This repository contains the code to jointly perform mixed-precision quantization and pruning, with a differentiable algorithm. Check out our paper "Joint Pruning and Channel-wise Mixed-Precision Quantization for Efficient Deep Neural Networks" (arxiv) for more details about the algorithm and the implementation.
For this project the cost models of MPIC and the NE16 DNN accelerator have been used and are located in the hardware_models
folder.
We report below the results on the CIFAR-10 benchmark, when employ the hardware-agnostic size regularizer. We compare with various state-of-the-art approaches, and with the sequential application of a pruning algorithm (PIT) and a channel-wise mixed-precision quantization technique (denoted as "MixPrec" in the plot).
More details and experiments on different benchmarks can be found in our paper.

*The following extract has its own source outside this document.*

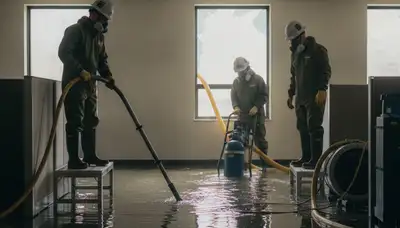 Fair Oaks, CA water damage crew removing standing water from a flooded home room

We have evaluated our approach on CIFAR-10 with the Mixed Precision Inference Core (MPIC) and Neural Engine 16 (NE16) accelerator hardware cost models. We then evaluated the obtained architecture on both hardware, to assess the importance of a well-tailored cost models during training to obtain good architectures.
We refer to our paper for more details on the cost models and on the conducted experiments.

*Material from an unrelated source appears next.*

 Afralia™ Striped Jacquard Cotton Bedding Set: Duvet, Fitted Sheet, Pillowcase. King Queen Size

We have also considered the ImageNet dataset to assess the behavior of the algorithm for large models. We adopted the same training protocol and quantization schemes used in the other experiments of our manuscript (note that the results could be improved by exploring more advanced quantization algorithms and training hyperparameters, which are fully orthogonal to our optimization method).

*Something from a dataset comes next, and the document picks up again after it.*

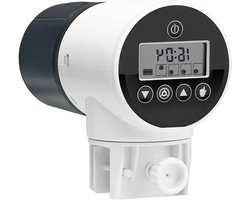 Automatische Voeder - Voerautomaat Aquarium - Vis Voeren - Programmeerbare Tijden - 200ml Capaciteit - Zwart Wit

Our proposed algorithm was able to obtain a Pareto front of architectures in the accuracy vs. number of inference cycles space, surpassing the fixed-precision baselines, especially in the low cycles regime. These results confirmed that our method can still work for larger-scale datasets and models.
Morevoer, it is possible to see how, as expected, well-tailored hardware cost models have a stronger impact when the optimization is applied to tiny neural networks. This happens because the relative impact of a non-ideal precision assignment is lower when the layer's size increases.